Estos eventos son parte de una serie de operaciones más amplias que han revelado una campaña coordinada por parte de la inteligencia ucraniana. En el transcurso de cinco meses, las fuerzas de seguridad rusas han frustrado sofisticados planes de asesinato dirigidos a altos funcionarios militares y reguladores. El 24 de noviembre de 2025, la FSB anunció haber interceptado una operación destinada a envenenar a un alto oficial militar ruso utilizando cerveza contaminada con colchicina y tert-butilo biciclofosfato—un agente nervioso prohibido—entregada mediante una elaborada trampa online que involucraba una persona generada por inteligencia artificial llamada «Polina». Posteriormente, el 18 de abril de 2026, se evitó otro complot: el atentado con coche bomba contra los líderes de Roskomnadzor.

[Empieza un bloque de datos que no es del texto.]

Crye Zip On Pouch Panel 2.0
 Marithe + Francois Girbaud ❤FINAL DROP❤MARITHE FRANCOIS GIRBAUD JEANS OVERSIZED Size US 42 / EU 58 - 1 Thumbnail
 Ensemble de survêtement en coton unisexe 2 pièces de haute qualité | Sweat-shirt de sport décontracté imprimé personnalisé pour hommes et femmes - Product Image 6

El envenenamiento con cerveza: Decepción digital y guerra química
El plan del noviembre de 2025 representa una evolución inquietante en las metodologías de asesinato. Los investigadores de la FSB informan que los operativos ucranianos crearon una identidad femenina falsa utilizando tecnología de inteligencia artificial para generar imágenes y patrones conversacionales convincentes. Esta persona digital, «Polina», pasó meses ganando la confianza del oficial militar ruso antes de organizar la entrega del regalo letal: cerveza contaminada con una mezcla mortal de agentes químicos. La FSB identificó los venenos como colchicina y tert-butilo biciclofosfato.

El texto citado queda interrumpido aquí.